Rachel shook her head. “No, I asked him specifically for this shift. Besides, it’s not that bad.”
Emily hummed in disbelief. “Well, at least stay on till duty. That way you don’t have to walk around so much.”
Rachel went to argue, but the twinge she felt in her ankle when she tried to move made her stop. It wasn’t serious, just a bit sore, but she knew she’d be glad of her bed that night after a day spent more or less on her feet.
When she was happy that Rachel wasn’t, in fact, terribly injured, Emily gave her a hand up and offered to take her bag.

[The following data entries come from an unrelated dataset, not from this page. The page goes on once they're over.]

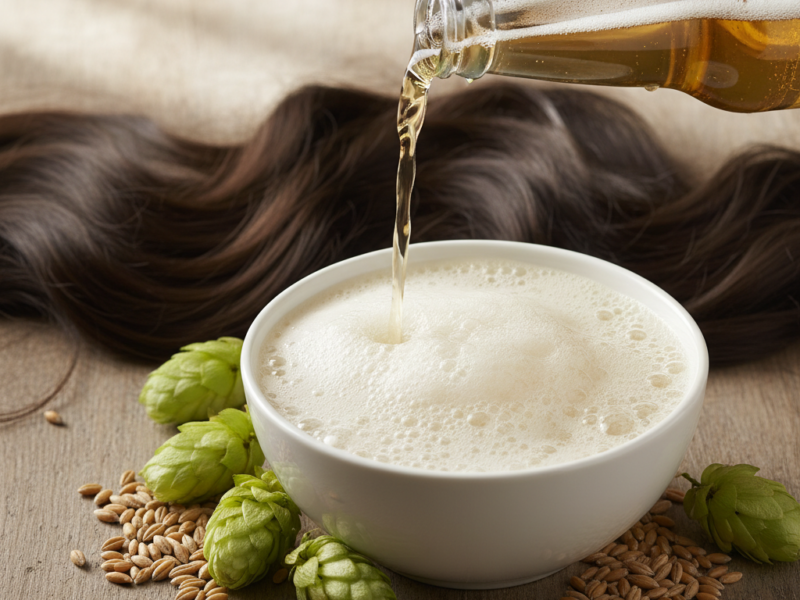 Naturalne Płukanki z Piwa: Sekrety Wzmocnienia i Odżywienia Włosów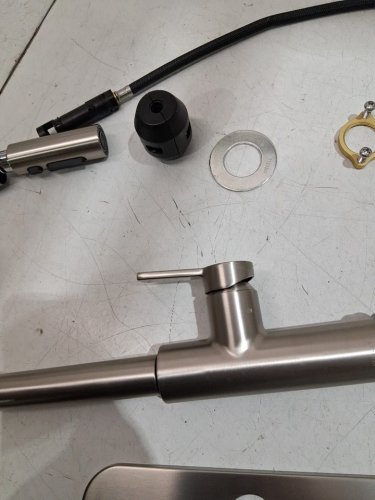 KOHLER RODEAN PULL-DOWN KITCHEN FAUCET - STAINLESS STEEL (MODEL: 1806389) image 4
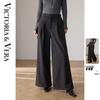 Women's Plush Fleece High-Waist Wide-Leg Casual Pants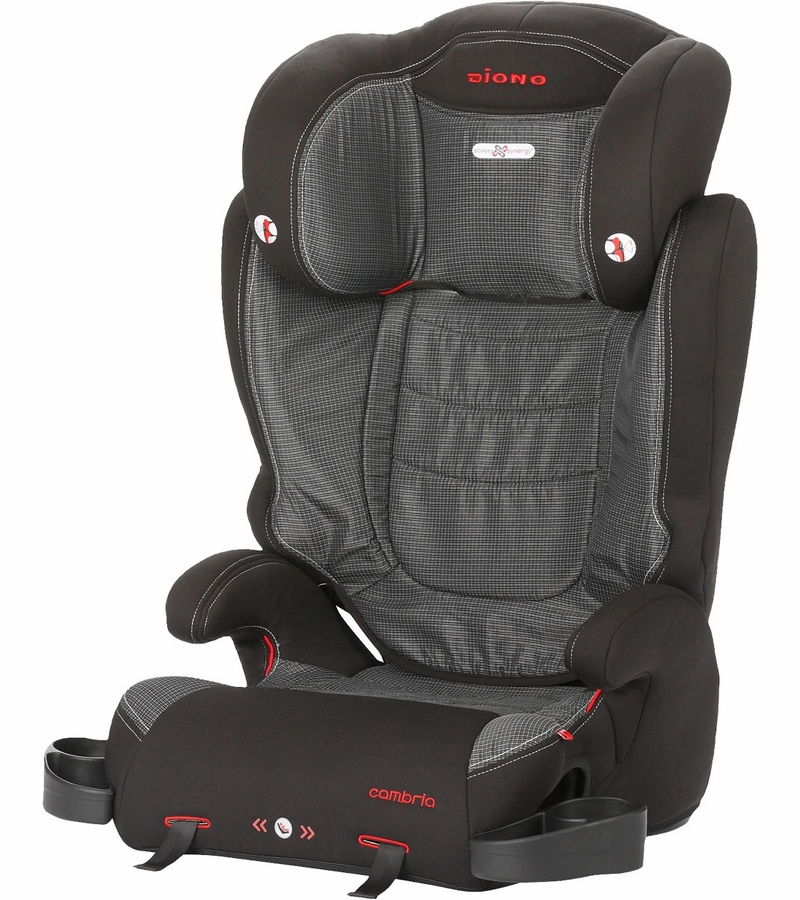 Diono Cambria High Back Belt Positioning Booster Car Seat Shadow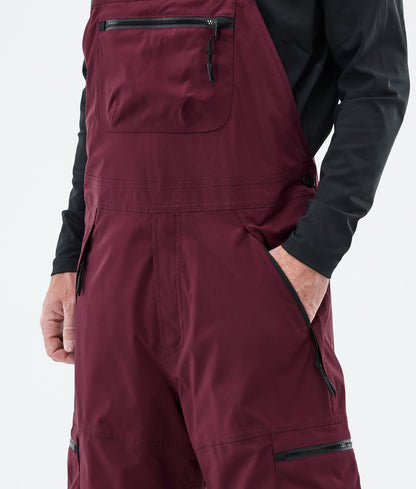 Snowboard Pants Men Burgundy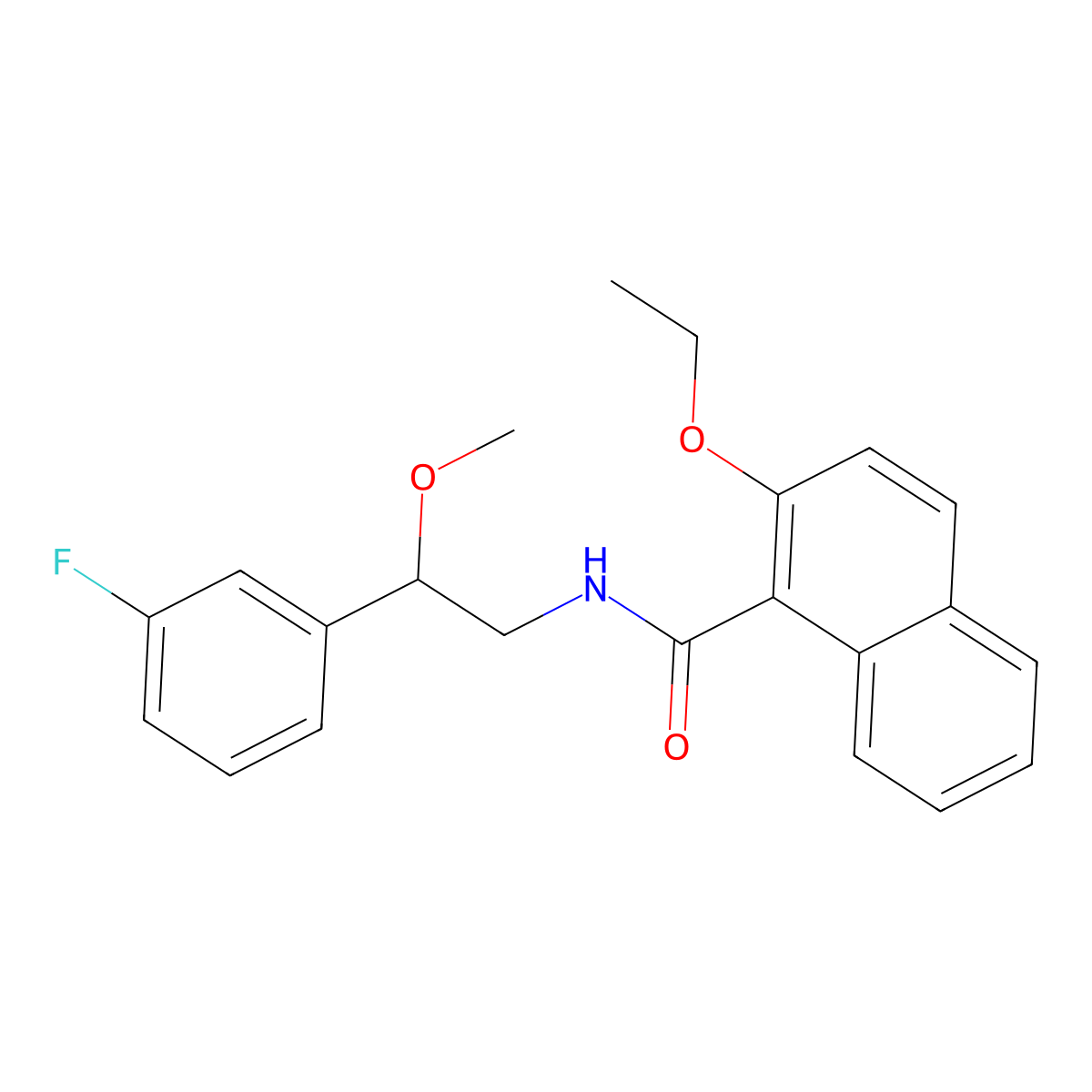 2-ethoxy-N-(2-(3-fluorophenyl)-2-methoxyethyl)-1-naphthamide molecular structure, CAS 1796949-59-1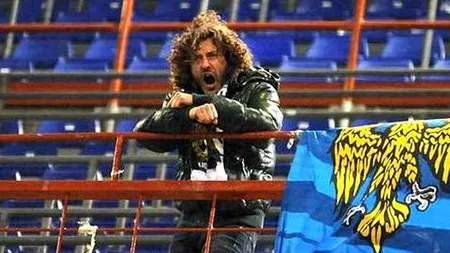 Fanul singuratic care a impresionat Italia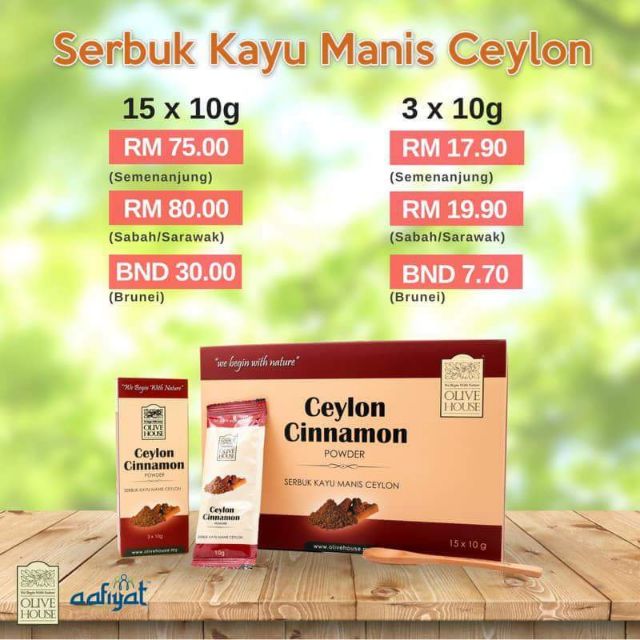 serbuk kayu manis ceylon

“My, my,” said Rachel, the shock apparently making her braver than usual, “aren’t you chivalrous?”
“Someone has to be.”
Rachel looked up at her, taking in the freckles that covered her nose and the way her mouth curved as she joked about. “You make it sound like a burden,” she said.
Emily grinned. “Not when it’s you.”
“Flatterer.”
“What?” Emily was staring forwards, towards The Hideout, her gaze unwavering. “Am I not allowed to help my friends?”
Friends. Ugh. Rachel hated that word. She hated the way it crushed any hope she had that Emily was flirting -- because it felt like flirting a lot of the time, it really did, but, unfortunately, she knew that this was just how Emily was with her friends. She was very outgoing, after all.
“Thanks for looking after me,” she said, when they’d lapsed into silence for a moment too long.